··· Extracted data ···
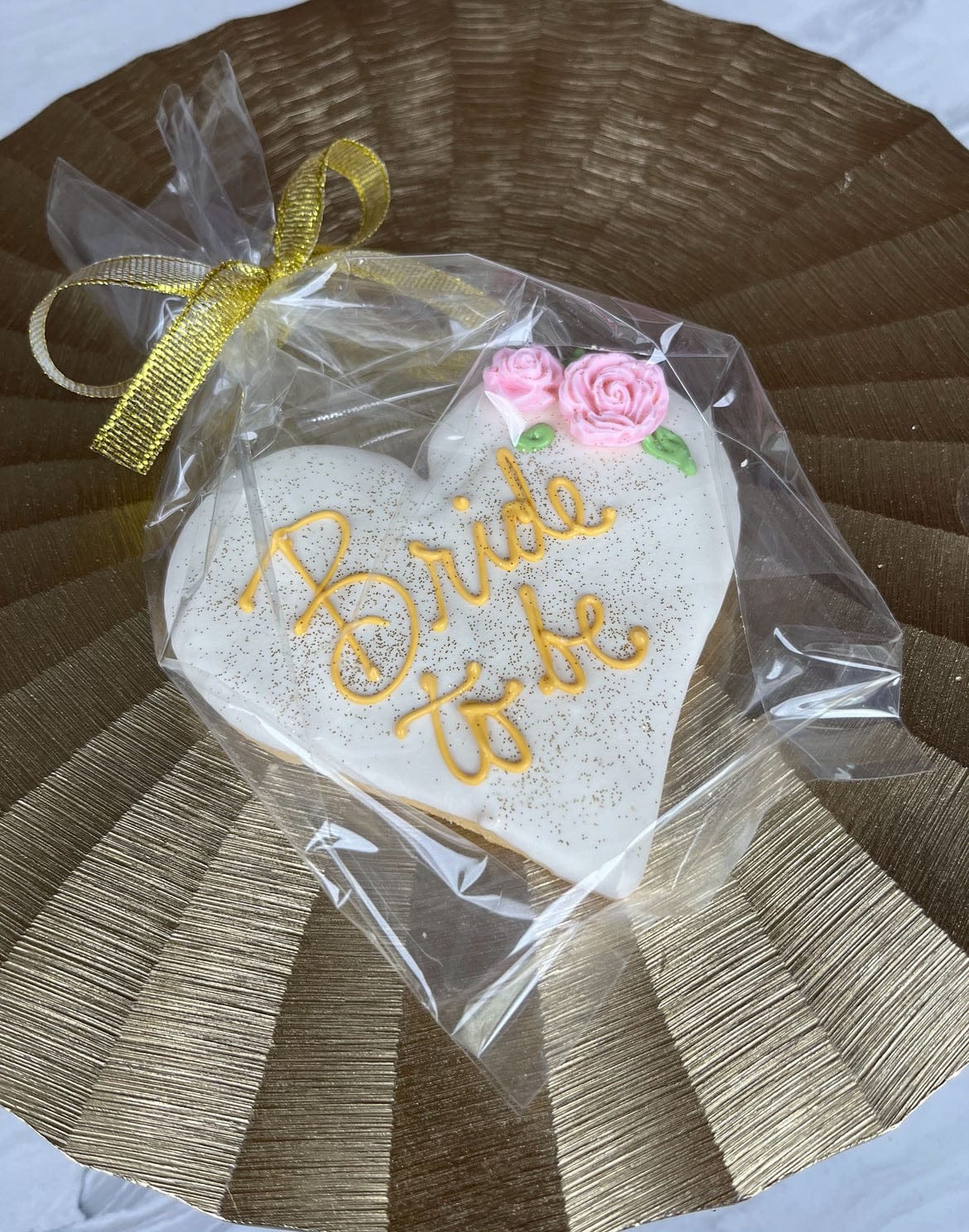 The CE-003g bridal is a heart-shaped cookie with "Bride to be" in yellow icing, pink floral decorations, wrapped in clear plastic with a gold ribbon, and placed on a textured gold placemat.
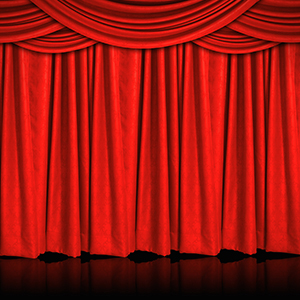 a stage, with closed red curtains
···
··· Extracted data ···
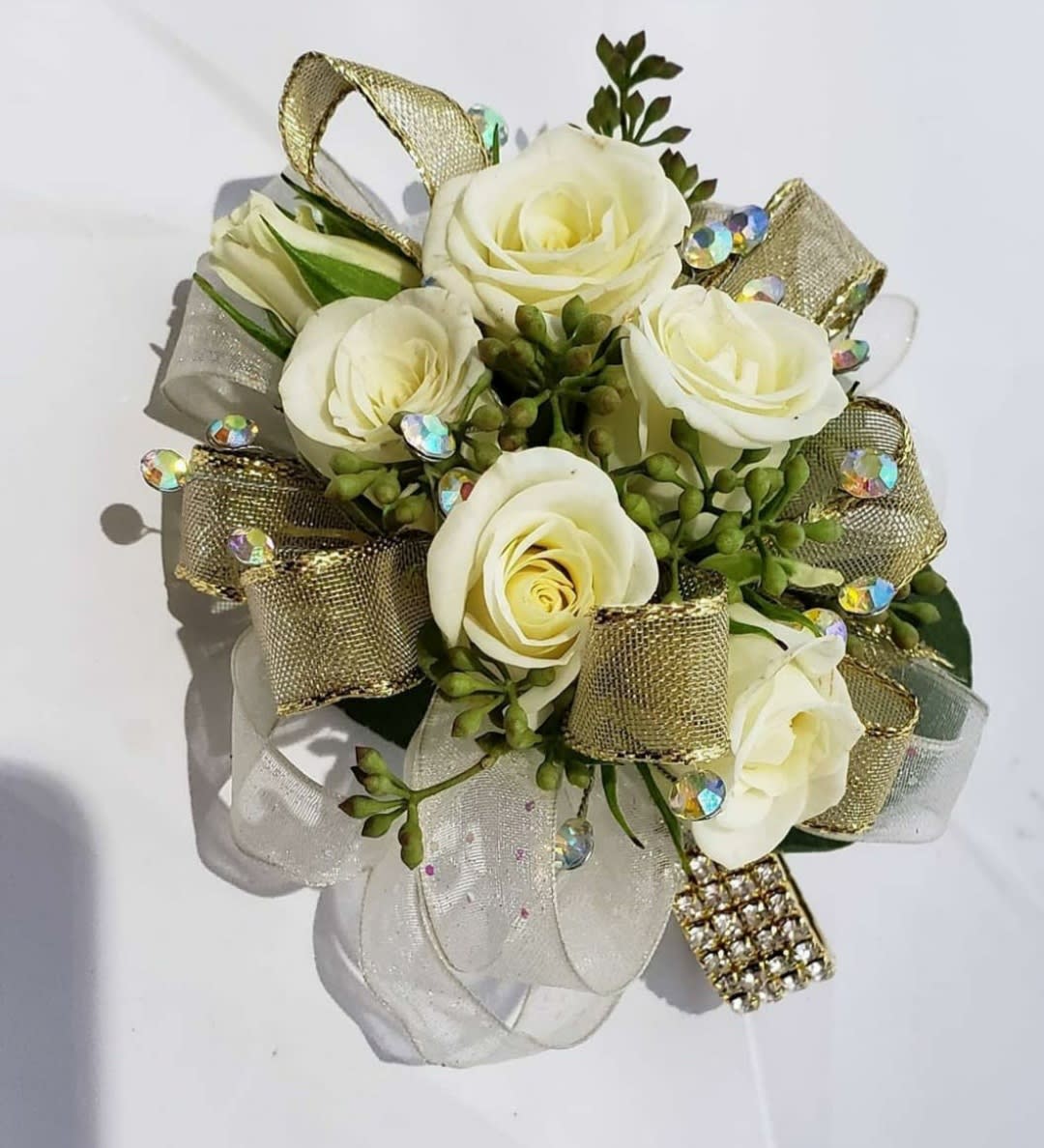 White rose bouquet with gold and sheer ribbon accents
···
··· Extracted data ···
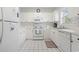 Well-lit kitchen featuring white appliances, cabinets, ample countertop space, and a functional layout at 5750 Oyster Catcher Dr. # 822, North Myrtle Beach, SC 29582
···
**What the task requires**
Leave the pictures out. Output, exactly, the lines of the material above starting at the line containing "The CE-003g bridal" and ending at the line containing "a stage, with closed red curtains".

**Response area**
 The CE-003g bridal is a heart-shaped cookie with "Bride to be" in yellow icing, pink floral decorations, wrapped in clear plastic with a gold ribbon, and placed on a textured gold placemat.
 a stage, with closed red curtains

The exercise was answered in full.